Ludovic François professeur affilié à HEC Paris et Romain Zerbib professeur au Groupe IGS, ont codirigé un ouvrage sur la notion d’influence dans la société de l’information (Influentia, la référence des stratégies d’influence aux Editions Lavauzelle). Dans cet ouvrage, et au travers de plus de 20 contributions, ils dissèquent les phénomènes de communication mis en place par l’industrie de la communication. A noter, dans cet ouvrage la participation d’experts mondialement reconnus comme Joseph Nye, le théoricien du concept de Soft Power, ou encore Noam Chomsky, rendu célèbre, notamment, grâce à son ouvrage « la fabrication du consentement, de la propagande médiatique en démocratie ».
Economie Matin : Pourquoi un ouvrage précisément sur le thème de l’influence ?

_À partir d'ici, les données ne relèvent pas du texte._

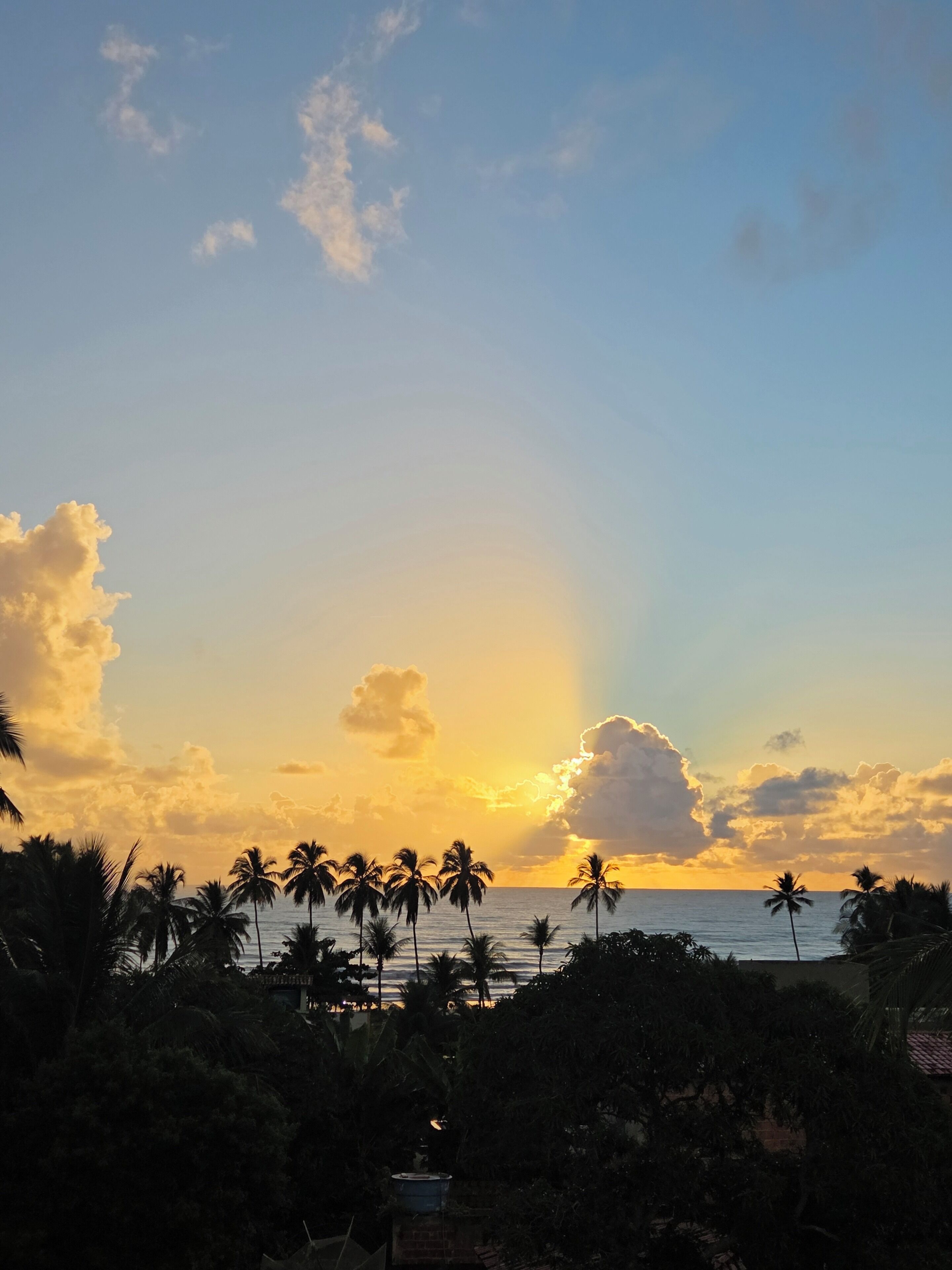 Une vue sur le coucher de soleil, avec des palmiers et un ciel dégagé.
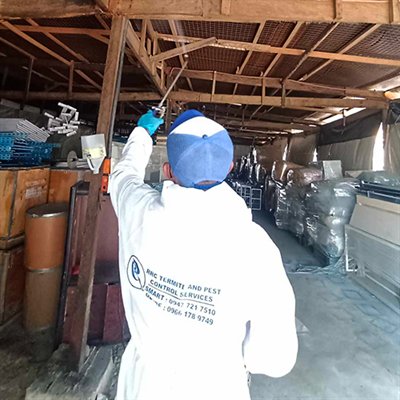 General Pest Control Treatment for Cockroaches, Ants, Mosquitoes, Flies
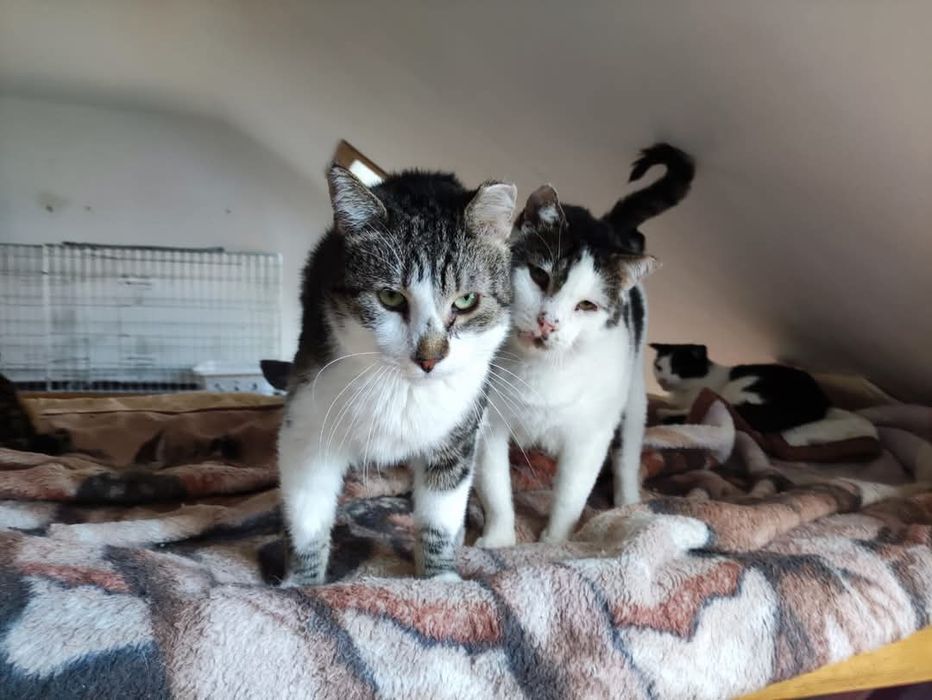 Elton i Rambo dwa słodziaki do adopcji.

Ludovic FRANCOIS: Dans nos démocraties et nos économies de marché, l’influence est devenue un outil central. Nombre d’acteurs - politiques, économiques, associatifs - s’efforcent en effet d’orienter, via une vaste palette de moyens techniques, le dispositif de normes, de valeurs et de croyances qui agence et réagence le fonctionnement de nos sociétés. Le fait en effet de peser sur un ou plusieurs de ces leviers permet de domestiquer nos votes, nos achats, nos idées, bref l’avenir de la cité. La concurrence y est donc rude, les idées se concurrencent, se télescopent et finissent ainsi par produire un équilibre, une norme. Et, à l’instar de n’importe quel marché où quelques firmes finissent par former un oligopole, quelques concepts trustent ici l’espace médiatique. Il suffit d’allumer la télé ou la radio pour s’en convaincre : intonation journalistique, formules, et logiques idéologiques identiques, formatées, qui tournent et retournent en boucle et ce, qu’elles collent ou non à la réalité. Et le même phénomène de pensée unique se retrouve dans la sphère économique ou politique. Il nous a en conséquence semblé utile, intéressant de décortiquer les mécanismes sous-jacents qui conduisaient tout à chacun - en liberté - à opter en cœur pour les mêmes idées.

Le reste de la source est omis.